Among the records that follow, find the line with "indianhoney694u online show" and the line with "9 cách dùng mật ong cho sức khỏe và sắc đẹp". Set down those lines and all lines between them exactly, without adding anything.
[Task data Boundary: Start]
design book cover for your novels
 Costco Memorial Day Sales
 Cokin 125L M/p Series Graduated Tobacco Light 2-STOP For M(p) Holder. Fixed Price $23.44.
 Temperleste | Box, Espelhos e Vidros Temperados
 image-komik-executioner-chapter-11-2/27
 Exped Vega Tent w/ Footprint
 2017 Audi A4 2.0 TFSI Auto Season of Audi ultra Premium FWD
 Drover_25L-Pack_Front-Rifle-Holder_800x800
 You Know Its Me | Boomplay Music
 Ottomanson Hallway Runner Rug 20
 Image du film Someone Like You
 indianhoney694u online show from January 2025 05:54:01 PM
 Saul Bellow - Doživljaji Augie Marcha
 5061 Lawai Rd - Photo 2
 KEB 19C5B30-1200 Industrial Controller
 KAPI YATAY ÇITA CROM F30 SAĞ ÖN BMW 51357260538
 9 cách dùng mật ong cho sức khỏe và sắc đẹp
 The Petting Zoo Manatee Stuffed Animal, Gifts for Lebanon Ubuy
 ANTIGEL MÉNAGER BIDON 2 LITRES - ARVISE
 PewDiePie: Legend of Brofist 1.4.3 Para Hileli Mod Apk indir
[Task data Boundary: End]
Solution below
 indianhoney694u online show from January 2025 05:54:01 PM
 Saul Bellow - Doživljaji Augie Marcha
 5061 Lawai Rd - Photo 2
 KEB 19C5B30-1200 Industrial Controller
 KAPI YATAY ÇITA CROM F30 SAĞ ÖN BMW 51357260538
 9 cách dùng mật ong cho sức khỏe và sắc đẹp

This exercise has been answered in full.